Dans l’épisode 13, en découvrant le passé des deux narehate, on comprend que Nanachi a développé une connaissance aussi poussée des poisons et antidotes parce qu’elle passe son temps à essayer de trouver un moyen de tuer Mitty. Elle illustre la tendance des 5 à devenir obsédés par les problématiques sur lesquels ils butent, préférant construire un savoir démesuré autour de l’obstacle que le contourner. Après avoir écouté le récit de Nanachi, Reg parcourt des yeux les étagères autour de lui et constate que les fioles envahissent totalement la maison. Il saisit enfin à quel point le destin de Nanachi pèse lourd sur ses épaules. En la voyant raconter une histoire à Mitty dans la pièce adjacente, il se dit à lui-même « Elle avait l’air si confiante, et maintenant, elle parait tellement pitoyable… ».

Plus tard, il annonce à Nanachi qu’il accepte de tuer Mitty à l’aide de son incinérateur, à la seule condition qu’elle-même ne se suicide pas après cela.

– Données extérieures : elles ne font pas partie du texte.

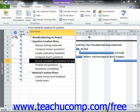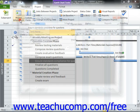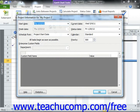As you make adjustments to your project file, you should check your project's statistics and finish date. You can access this type of information within your project file by clicking the Project Information button shown in the Properties button group on the Project tab within the ribbon, in order to open the Project Information dialog box. Here you will see the scheduled finish date of the project shown in the Finish Date field. This is important to keep track of as you level resources and adjust the tasks within your project file.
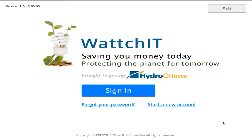It comes in two versions: the web-based interface as well as the tablet-based interface. Both are identical in every way, so today I'll be showing you the web-based interface.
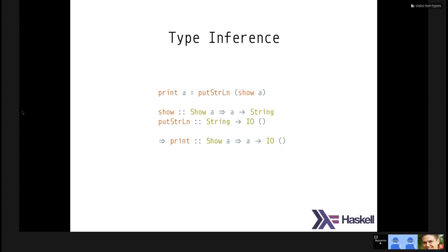Show takes a value and turns it into a string. PutStrLn takes a string and prints it. So what this does is take something that can be converted to a string, convert it, and print it. The compiler sees that show's type is: take an A that can be shown and turn it into a string. So show A is a string, and putStrLn takes a string and produces this IO action. From all of that it can go back and infer the type of the actual function.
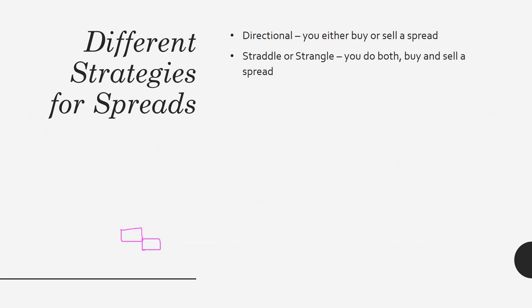Now, there are different spread strategies that you can use. You can have a directional spread. That simply means if your bias is to the upside, then you want to buy a directional spread, which means it will go up. You would buy a floor. If you believed that the market was going to go down, you'll do a directional spread by selling the ceiling. Then you also have what's known as a straddle or a strangle. So, in both of these, you actually do both. You buy and sell a spread. The only difference between the two is the straddle is an at-the-money spread, and a strangle is an out-of-the-money spread. Does everybody understand that? That's the only difference between these two.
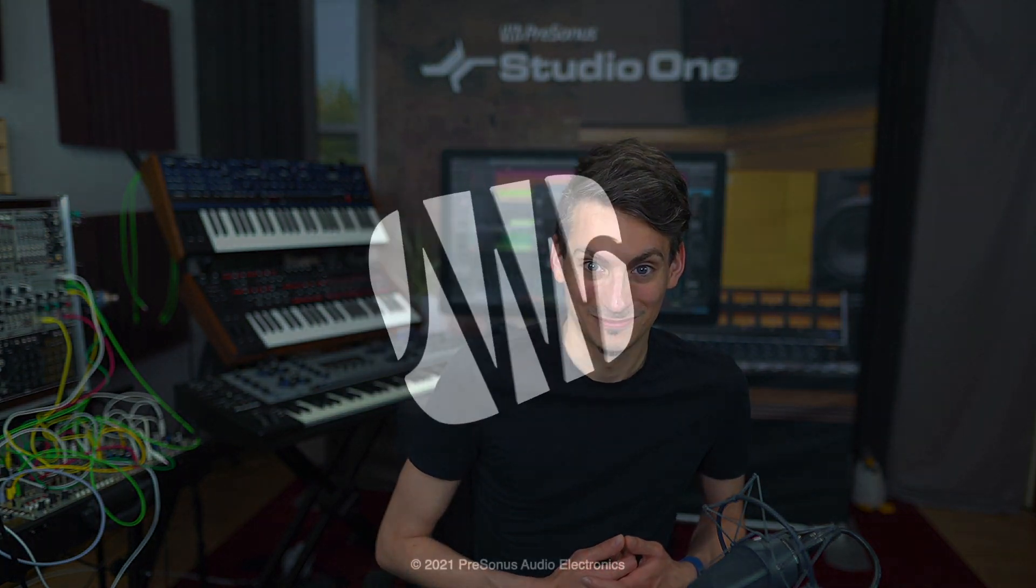As you can see, you can use the arpeggiator, the chorder, the repeater and the input filter for many different applications, and I can only encourage you to try them out. Thank you for watching.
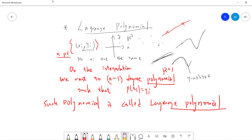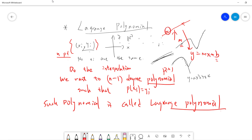The interesting thing is: how can one find such a polynomial? In the original two-point case, people usually compute the slope and assume the line is y equals mx plus b, then substitute one point to find b. For the Lagrange polynomial, the difficult part is how to construct it.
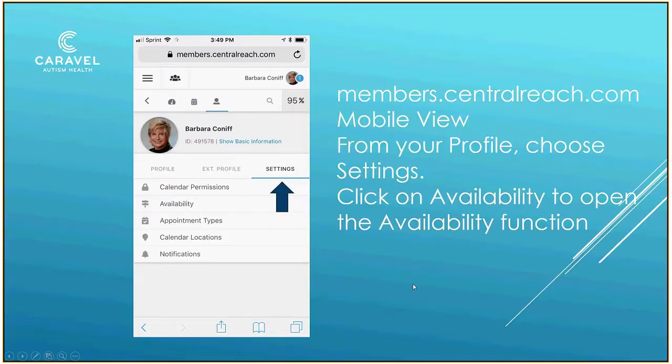First of all, you go to members.centralreach.com. Do not use the app — the CentralReach app doesn't have this function. Members.centralreach.com will give you a mobile view.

Nanachi hésite un moment, puis détourne le regard et murmure « Tu es cruel ». L’ermite que rien ne semblait atteindre se révèle en fait meurtrie par la vie, au point de vouloir se tuer une fois son dernier devoir accompli. Les personnes en base 5 se sentent en général très vulnérables : c’est justement la raison pour laquelle elles dissimulent leurs sentiments sous une forteresse de rationalité. Lorsqu’on devient proche d’un individu en 5, le contraste entre son détachement habituel et son intensité émotionnelle dans l’intimité peut être saisissant.

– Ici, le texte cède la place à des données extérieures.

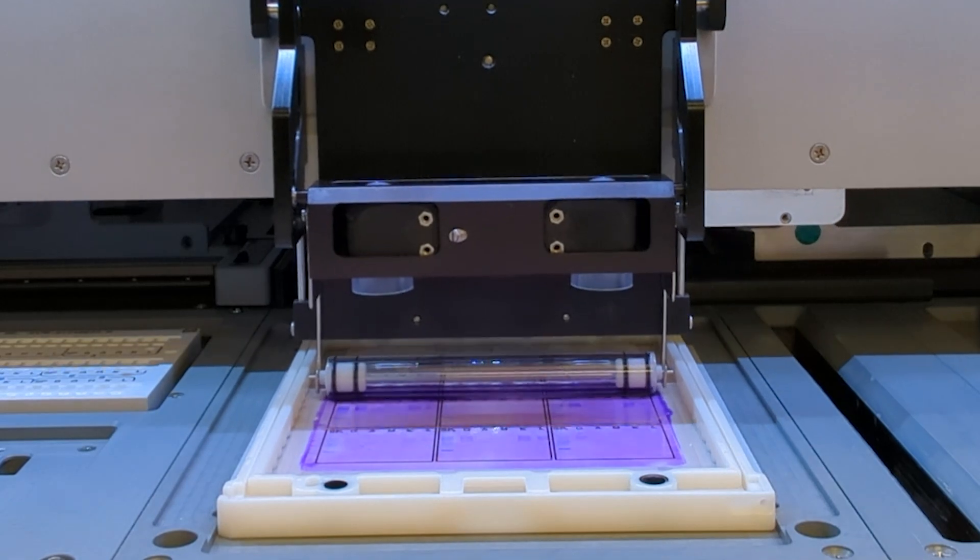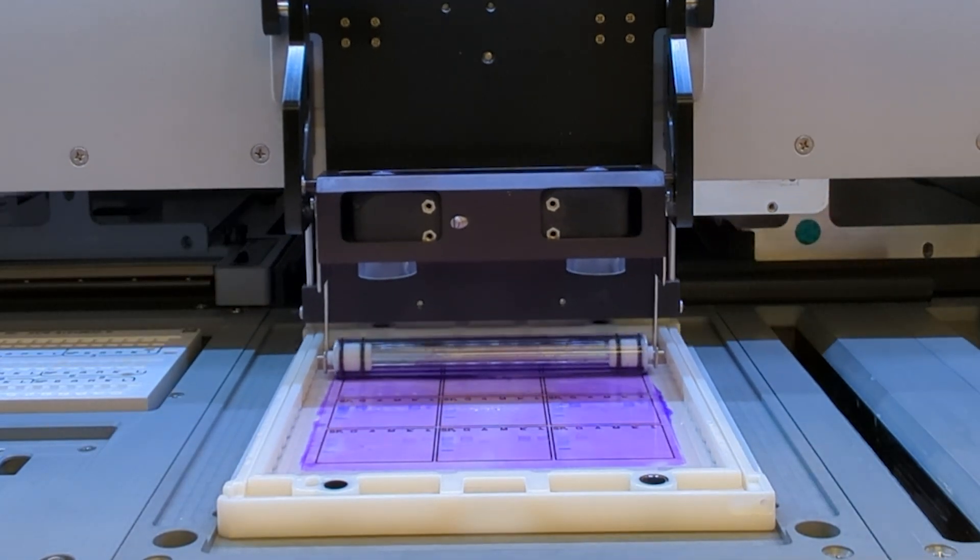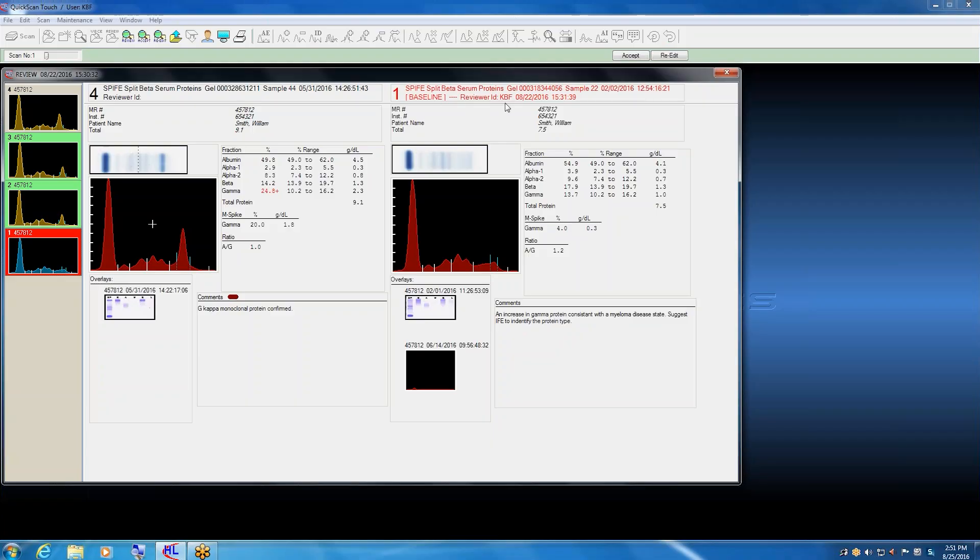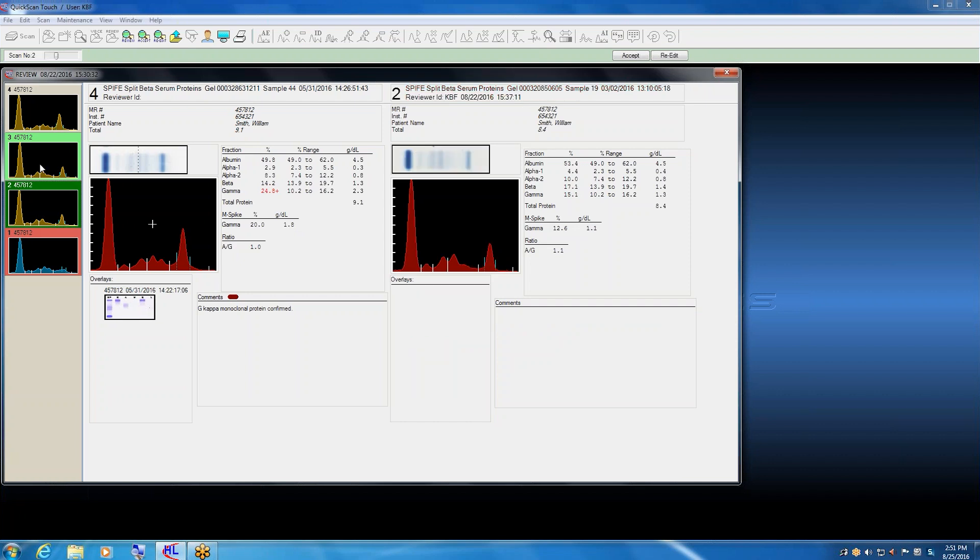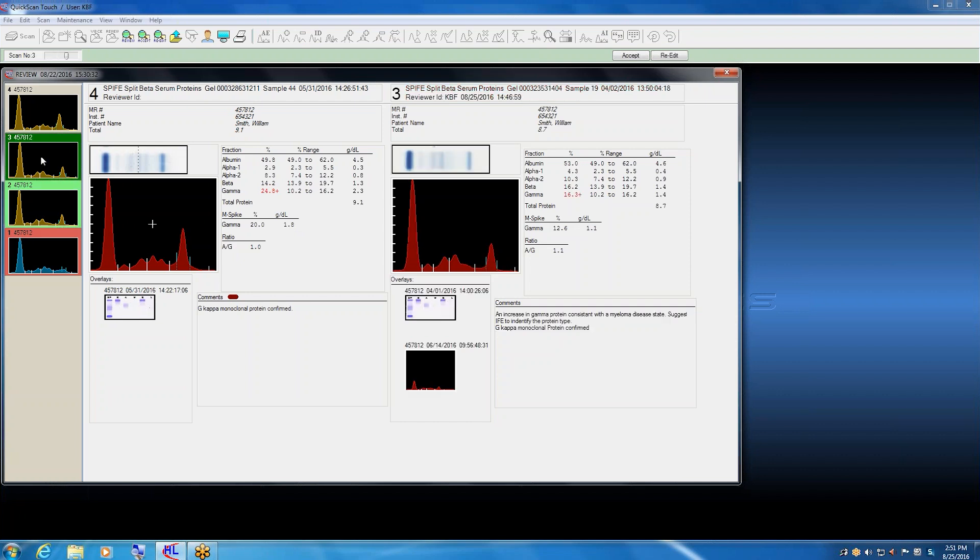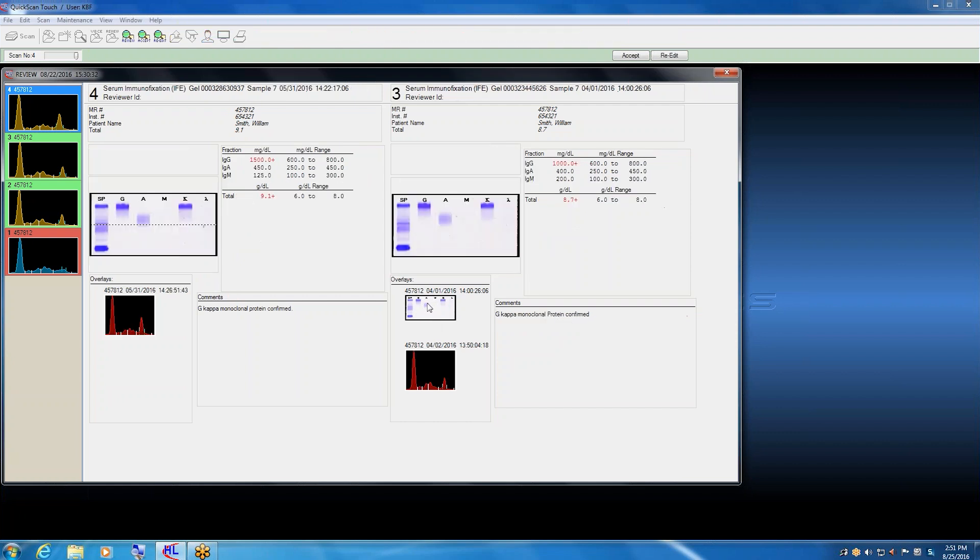The Spiffy Nexus incorporates the enhanced densitometric features of QuickScan Touch Plus software for quantitating, compiling, interpreting, and reporting results with full LIS and networking support. Historic data from all Helena gel and CE systems can be included in reports.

Je n’ai pas noté d’aile particulièrement marquée chez Nanachi. Elle est probablement encore trop jeune pour en avoir développé une. (Son âge exact est inconnu, mais elle semble avoir entre 12 et 15 ans.)

Conclusion

A travers son parcours, Nanachi incarne à elle seule les principales thématiques de Made in Abyss : la soif d’aventure, la perte de l’innocence enfantine, la résilience face au deuil, l’acceptation de l’équilibre du monde, dans ses composantes les plus exaltantes comme les plus sombres. Nanachi déclare : « J’incarne la possibilité de revenir du 6e niveau en gardant son humanité »… Je l’interprète personnellement comme un symbole puissant de résilience. Nanachi est descendue là où l’humanité dissimule ses plus noirs secrets et y a vu le pire. Son corps et son âme ont été marqués à jamais par ce qu’elle a subi, mais elle est restée forte. Elle est à la fois le personnage qui annonce les horreurs attendant les héros s’ils continuent leur périple, et le personnage qui les persuade de ne pas abandonner la quête malgré tout. Elle est à la fois la mentor confiante qui aide Riko à guérir et vivre désormais avec sa blessure, et l’enfant perdue qui a désespérément besoin d’une étreinte pour sécher ses larmes. Si elle est indispensable à Reg et Riko, Reg et Riko lui sont tout aussi indispensables… car elle découvre en les aidant combien le monde a besoin de sa richesse intérieure. En laissant partir Mitty, son trésor, tout en reconnaissant son propre droit d’exister au-delà de ses traumatismes, elle tourne une page de son existence : elle peut laisser l’espoir renaître des cendres de sa compagne et s’envoler vers une vie qu’elle a choisie. Et l’âme de Mitty peut maintenant cheminer librement à ses côtés, en lui transmettant sa joie de vivre et ses rêves flamboyants.

Je soupçonne l’auteure d’avoir volontairement brouillé le genre de Nanachi afin qu’un maximum de gens puissent s’y identifier : parce que Nanachi, finalement, c’est peut-être le guide dont nous avons tous besoin pour traverser les épreuves de la vie.